Com frequência, os tribunais precisam reportar dados estatísticos ao CNJ. A gestão interna de cada órgão também depende do levantamento desses números. Quando os processos não são gerenciados computacionalmente da maneira correta, a extração de relatórios é uma tarefa árdua que demanda uma grande quantidade de recursos humanos e tempo.

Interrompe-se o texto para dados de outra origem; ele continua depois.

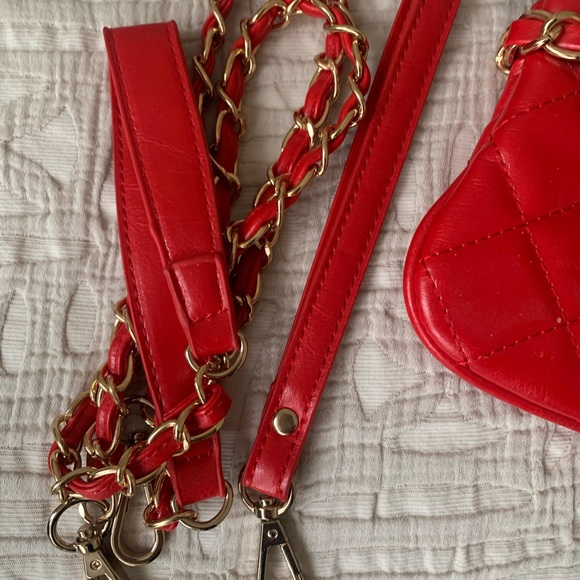 Quilted look. Gold hard wear. 2 straps. Pristine condition! - Picture 4 of 6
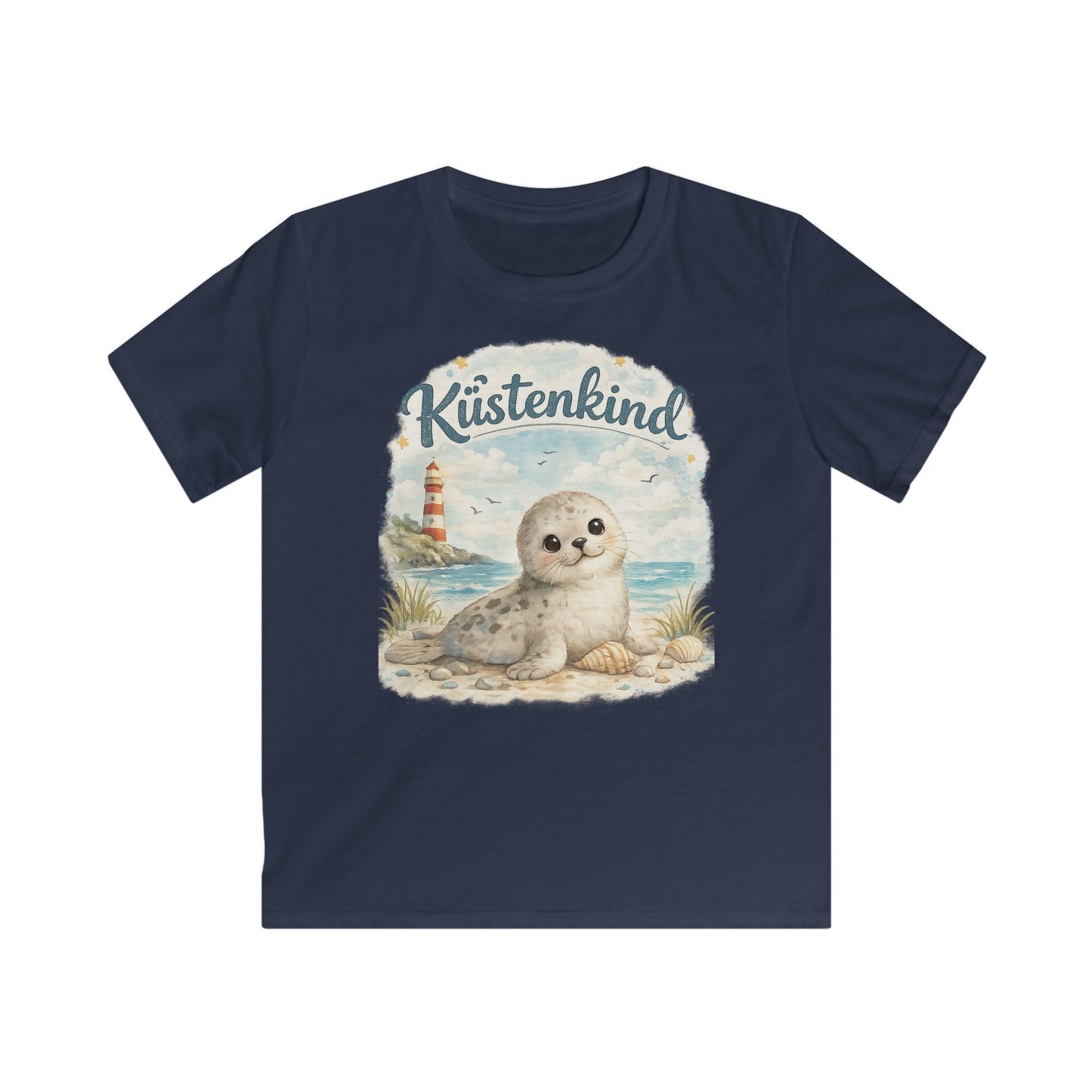 Küstenkind Robbe Kinder T-Shirt – Süße Seehund Illustration mit Leuchtturm | Nordsee Strand Shirt für Kinder
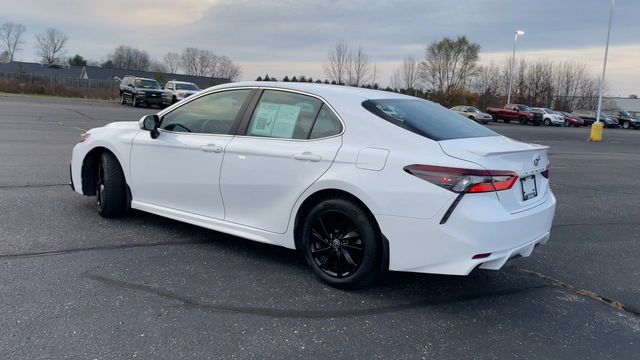 2022 Toyota Camry SE 6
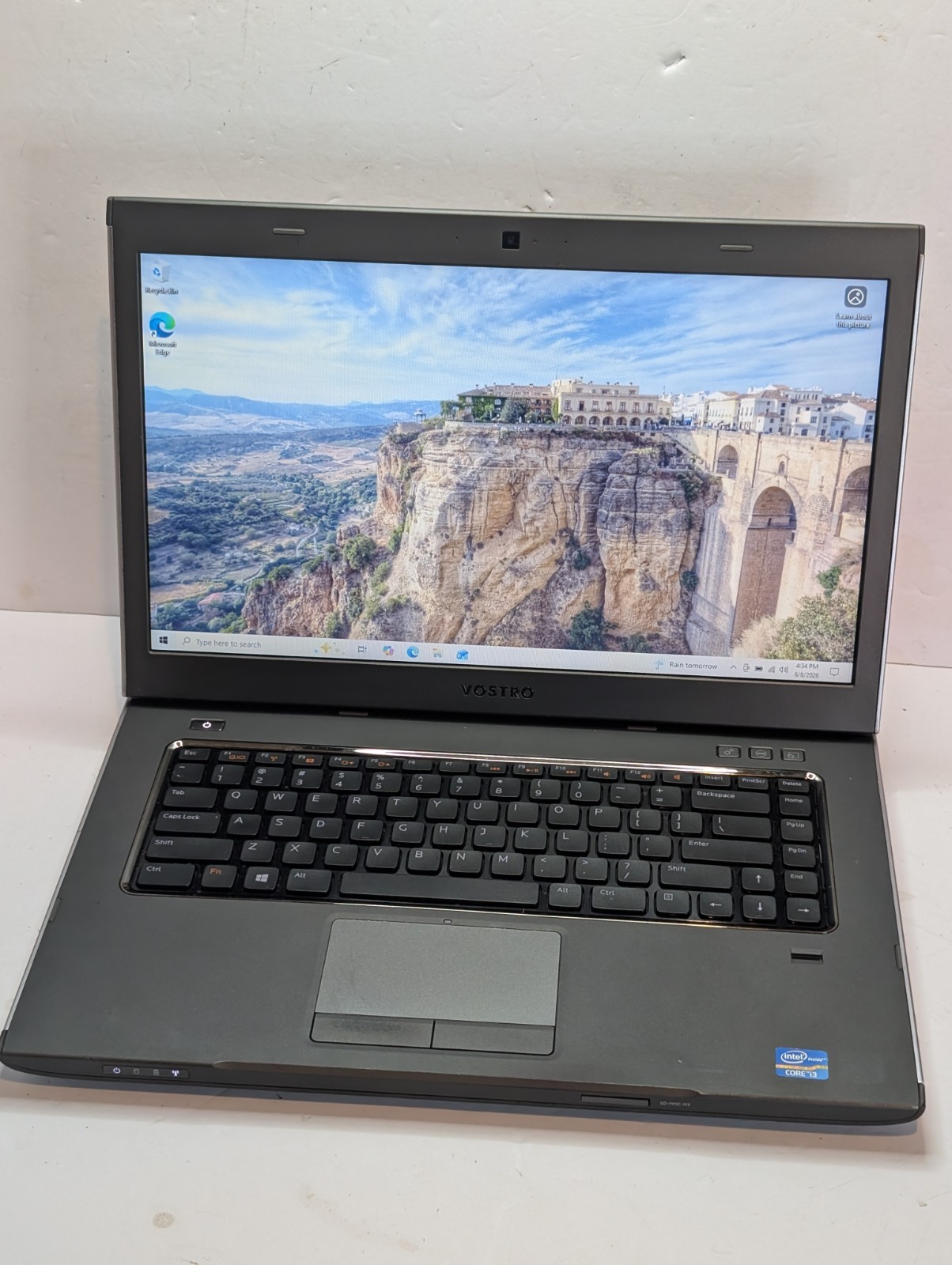Dell Vostro 3560 Intel Core i3-311OM,RAM 6GB , 500GB HDD, WIN 10.
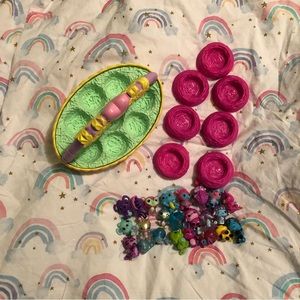 Large lot of Hatchimals toys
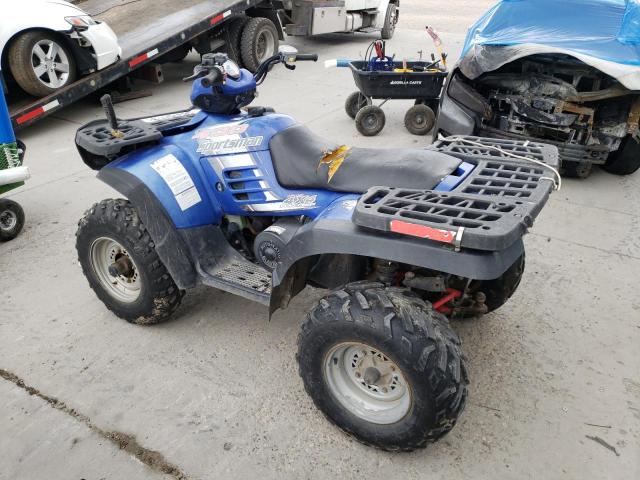 4XACH42A04B121907 - 2004 POLARIS SPORTSMAN 400 BLUE photo 3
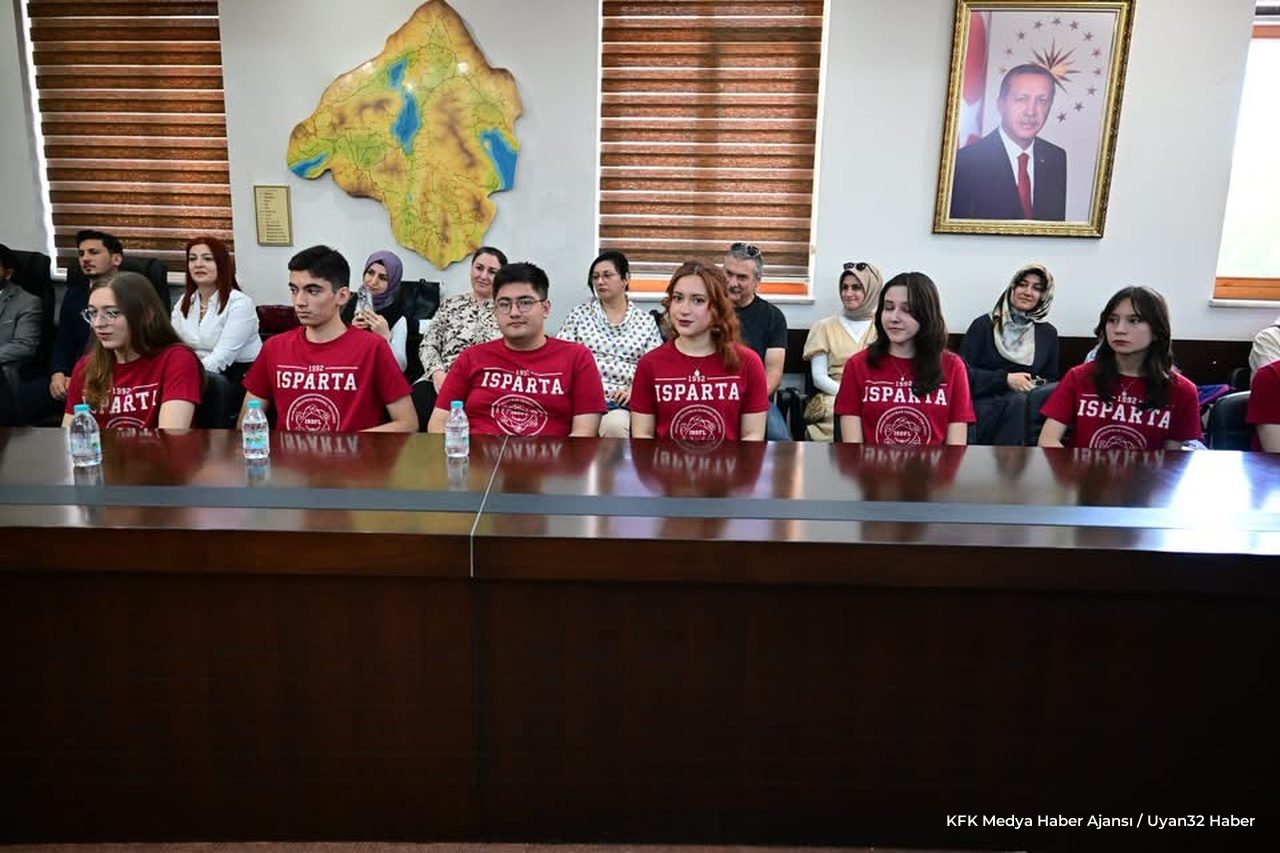 Vali Abdullah Erin, LGS ve YKS Birincilerini Ağırladı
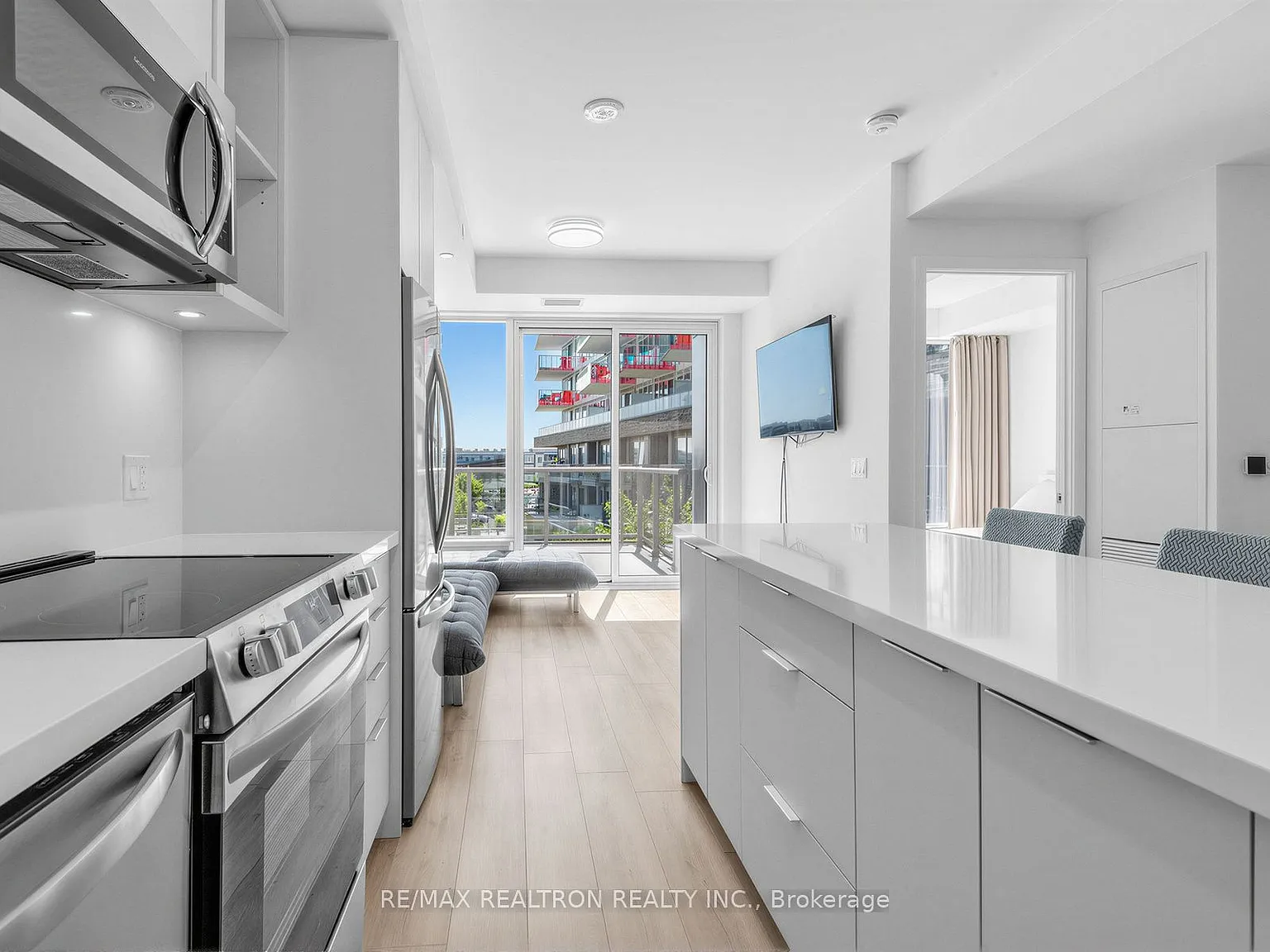 1 bed, $2,200 — Photo 3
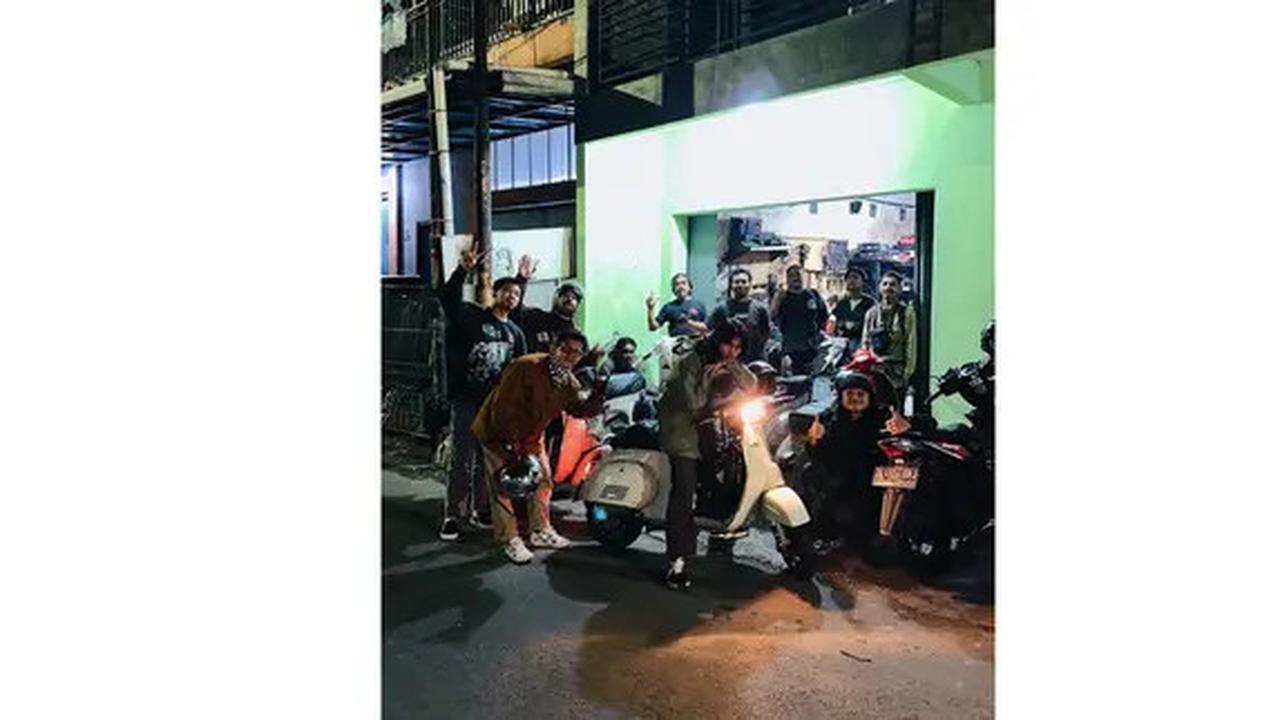 10 Potret Sintya Marisca Kendarai Vespa, Gayanya Curi Perhatian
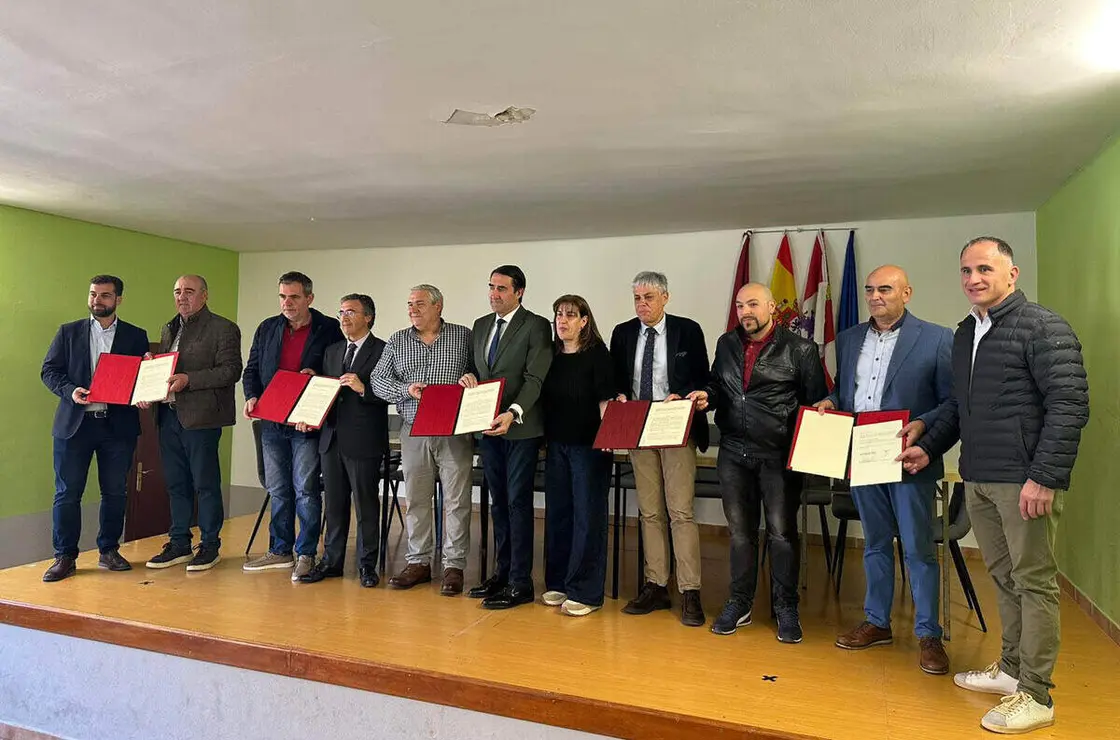 El consejero de Medio Ambiente, Vivienda y Ordenaci&oacute;n del Territorio, Juan Carlos Su&aacute;rez-Qui&ntilde;ones, firma el protocolo de Rehabitare de Le&oacute;n.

Os sistemas processuais deveriam ser desenvolvidos preparados para armazenar os dados necessários para a extração de estatísticas, realizar esta extração automaticamente, conforme um cronograma pré-definido e enviar os resultados às pessoas ou órgãos interessados.

 

Integração entre sistemas

 

O que fazer quando processo muda ou passa a ser julgado por outra instância? Em muitos casos, a solução é o recadastramento do mesmo processo original em outro sistema e/ou o envio de todo material físico até o destino. Tudo isso poderia ser evitado, caso existisse uma estrutura padrão de dados processuais aliado a comunicação entre sistemas distintos. Em um clique, os dados de um órgão estaria disponível em outro, pronto para prosseguir com sua tramitação, poupando assim alguns dias de atraso.

O CNJ define o MNI – Modelo Nacional de Interoperabilidade. Apesar de não ser amplamente utilizado pelos tribunais (nem mesmo no PJE), se os sistemas fossem desenvolvidos em conformidade com este modelo, haveria um grande ganho na comunicação entre sistemas de tribunais, ministério público e advogados.


Figura 5: Integração entre Sistemas

 

Entraves para o progresso

 

As vantagens da evolução tecnológica para o poder judiciário brasileiro são amplamente conhecidas. No entanto, alguns problemas impedem que sejam feitos maiores progressos nesta área. Entre estes problemas citamos:

  • O deficit de pessoal especialista em tecnologia nos quadros de servidores efetivos dos tribunais. Apesar da publicação da resolução 90/2009 do CNJ, que dispõe sobre os requisitos de nivelamento de tecnologia da informação no âmbito do Poder Judiciário, bem como estabelece o número mínimo de servidores da área de TI em relação ao porte dos tribunais, encontramos na maioria dos órgãos um quantitativo aquém do estabelecido.

  • Dados legados de processos antigos também dificultam que novos sistemas sejam implantados. Milhares de processos com milhares de movimentações tornam a migração dos dados físicos para o formato digital uma tarefa humanamente impossível.

  • Cada tribunal tem certa autonomia de funcionamento. Particularidades quanto a estrutura organizacional, organograma, orçamento, distribuição, e custas processuais dificultam a adoção de um processo organizacional padrão ou um sistema único.

  • A falta de capacitação e treinamento de servidores (usuários dos sistemas) também colabora para a rejeição de evoluções tecnológicas, má utilização ou falta de manutenção dos dados envolvidos.

  • O baixo interesse e comprometimento entre a alta gestão dos órgãos pelo setor de TI também representa um problema na elaboração de projetos da área de informática. Para o Information Technology Governance Institute (ITGI), “governança de TI é de responsabilidade dos executivos e da alta direção, consistindo em aspectos de liderança, estrutura organizacional e processos que garantam que a área de TI da organização suporte e aprimore os objetivos e as estratégias da organização.”

  • Segundo o Justiça em Números, apesar das receitas do judiciário terem aumentado nos últimos anos, os investimentos em informática reduziram, no mesmo período.